Please keep to the lines below from the one with "bird, robin, natur, wild" through the one with "WaterCAN and Adopt-a-River", and restate them word for word, ends included.
Segment Open
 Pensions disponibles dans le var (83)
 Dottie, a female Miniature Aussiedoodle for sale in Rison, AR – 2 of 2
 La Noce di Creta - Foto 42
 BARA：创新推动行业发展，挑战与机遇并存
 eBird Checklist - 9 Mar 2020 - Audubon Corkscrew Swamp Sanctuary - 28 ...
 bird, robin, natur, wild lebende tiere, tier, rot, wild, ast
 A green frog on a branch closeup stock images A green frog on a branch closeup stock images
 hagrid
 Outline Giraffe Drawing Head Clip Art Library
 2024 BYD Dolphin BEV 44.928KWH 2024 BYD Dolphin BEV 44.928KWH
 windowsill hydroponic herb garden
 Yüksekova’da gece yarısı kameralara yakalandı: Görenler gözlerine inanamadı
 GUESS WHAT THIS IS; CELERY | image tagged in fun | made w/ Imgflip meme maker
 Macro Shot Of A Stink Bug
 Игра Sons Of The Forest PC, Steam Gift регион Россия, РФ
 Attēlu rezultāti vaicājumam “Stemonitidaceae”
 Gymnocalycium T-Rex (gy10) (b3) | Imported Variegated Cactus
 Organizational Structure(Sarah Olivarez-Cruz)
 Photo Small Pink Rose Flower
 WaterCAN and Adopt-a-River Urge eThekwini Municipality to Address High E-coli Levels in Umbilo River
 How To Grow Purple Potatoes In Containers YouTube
Segment Closed
**PROBLEM SOLUTION**
 bird, robin, natur, wild lebende tiere, tier, rot, wild, ast
 A green frog on a branch closeup stock images A green frog on a branch closeup stock images
 hagrid
 Outline Giraffe Drawing Head Clip Art Library
 2024 BYD Dolphin BEV 44.928KWH 2024 BYD Dolphin BEV 44.928KWH
 windowsill hydroponic herb garden
 Yüksekova’da gece yarısı kameralara yakalandı: Görenler gözlerine inanamadı
 GUESS WHAT THIS IS; CELERY | image tagged in fun | made w/ Imgflip meme maker
 Macro Shot Of A Stink Bug
 Игра Sons Of The Forest PC, Steam Gift регион Россия, РФ
 Attēlu rezultāti vaicājumam “Stemonitidaceae”
 Gymnocalycium T-Rex (gy10) (b3) | Imported Variegated Cactus
 Organizational Structure(Sarah Olivarez-Cruz)
 Photo Small Pink Rose Flower
 WaterCAN and Adopt-a-River Urge eThekwini Municipality to Address High E-coli Levels in Umbilo River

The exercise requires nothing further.